J/A+A/649/A60 Assignment & prediction of formaldoxime (CH2NOH) (Zou+, 2021)
Millimeter- and subillimeter-wave spectrum of trans-formaldoxime (CH2NOH).
Zou L., Guillemin J.-C., Motiyenko R.A., Margules L.
<Astron. Astrophys. 649, A60 (2021)>
=2021A&A...649A..60Z 2021A&A...649A..60Z (SIMBAD/NED BibCode)
ADC_Keywords: Atomic physics ; Spectroscopy
Keywords: astrochemistry - molecular data - submillimeter: ISM -
methods: laboratory: molecular
Abstract:
Among the six atoms of N-containing molecules with the formula of
CH3NO, only formamide (H2NCHO), the most stable structural isomer,
has been detected in the interstellar medium (ISM).
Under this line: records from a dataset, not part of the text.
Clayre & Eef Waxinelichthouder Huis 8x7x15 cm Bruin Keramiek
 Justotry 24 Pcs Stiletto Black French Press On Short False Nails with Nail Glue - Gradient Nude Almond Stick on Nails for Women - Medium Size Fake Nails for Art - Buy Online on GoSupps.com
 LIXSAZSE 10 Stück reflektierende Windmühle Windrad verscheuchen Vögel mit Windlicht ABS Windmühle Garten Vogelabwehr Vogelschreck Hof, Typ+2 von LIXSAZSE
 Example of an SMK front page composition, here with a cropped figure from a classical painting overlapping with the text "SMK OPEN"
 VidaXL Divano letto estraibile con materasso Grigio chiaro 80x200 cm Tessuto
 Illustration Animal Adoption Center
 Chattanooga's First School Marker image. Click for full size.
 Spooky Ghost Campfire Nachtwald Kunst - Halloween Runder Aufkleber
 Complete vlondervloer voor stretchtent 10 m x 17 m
The formaldoxime
isomer may be formed, for example, by the reaction of formaldehyde
(H2CO) or methanimine (H2CNH) and hydroxylamine (H2NOH), which
are all detected in the ISM. The lack of high accuracy millimeter- and
submillimeter-wave measurements hinders the astronomical search for
formaldoxime.
The aim of this work is to provide the direct laboratory measurement
of the millimeter- and submillimeter-wave spectrum of
trans-formaldoxime.
Formaldoxime was synthesized and its rotational spectrum was recorded
at room temperature in a glass flow cell using the millimeter- and
submillimeter-wave spectrometer in Lille. The SPFIT program in the
CALPGM suite was used to fit the spectrum.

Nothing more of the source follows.